If your child goes to a government school, they will have to learn to exist in that hostile environment. There may not be an effective way to fully prepare any child for school or to protect them from the harm that may come from attending school.

That said, there are coping strategies and experiences that will help prepare a child for dealing with situations in the real world where they may need to recognize and subjugate themselves to an authority figure. These same strategies will help them transition into a school environment (but proceed at your own risk):

Able To Work Independently

Able To Stay On Task

This is another "skill" that educators think young children should have before they attend school. In school, kids have to do the work assigned and complete it. Unfortunately, the "busy work" assigned in school may have no meaning or relevance to the child. Who can blame a child for not staying on task when the task is boring or seems pointless? The problem is that bored children may become frustrated and act out or become disruptive. Rather than find a suitable learning experience for that child, we are seeing more and more children (even in preschool) given a pseudo-diagnosis of Attention Deficit Disorder and then put on psychotropic drugs that make them passive and compliant. It's abusive, and a national disgrace and disaster.

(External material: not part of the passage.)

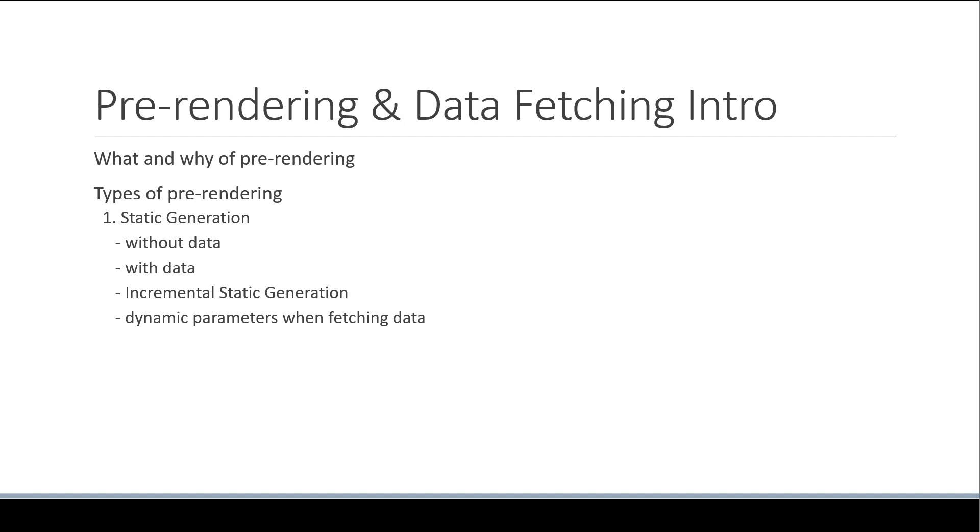We will then move on to the second type of pre-rendering which is server-side rendering. We will understand what it is, how does it differ to static generation and when to use one over the other. We will of course look at data fetching when working with server-side rendering as well.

Fortunately, in the home setting, little kids aren't required to "stay on task" for a prescribed period of time. They can learn much more naturally and effectively as their interest, ability, and curiosity dictate.

Children can be quite focused and stay on task if they are really interested in what they are doing and if it speaks to their developmental needs. Sometimes kids need a break from the task at hand. In the natural setting of home, they can leave it, and then return later to try again with renewed interest and a fresh perspective. Interest-initiated learning is a better way for young children to learn. As they grow they gain ability, skill, and confidence, and are able to better tackle academic tasks whether they continue to learn at home or go to school.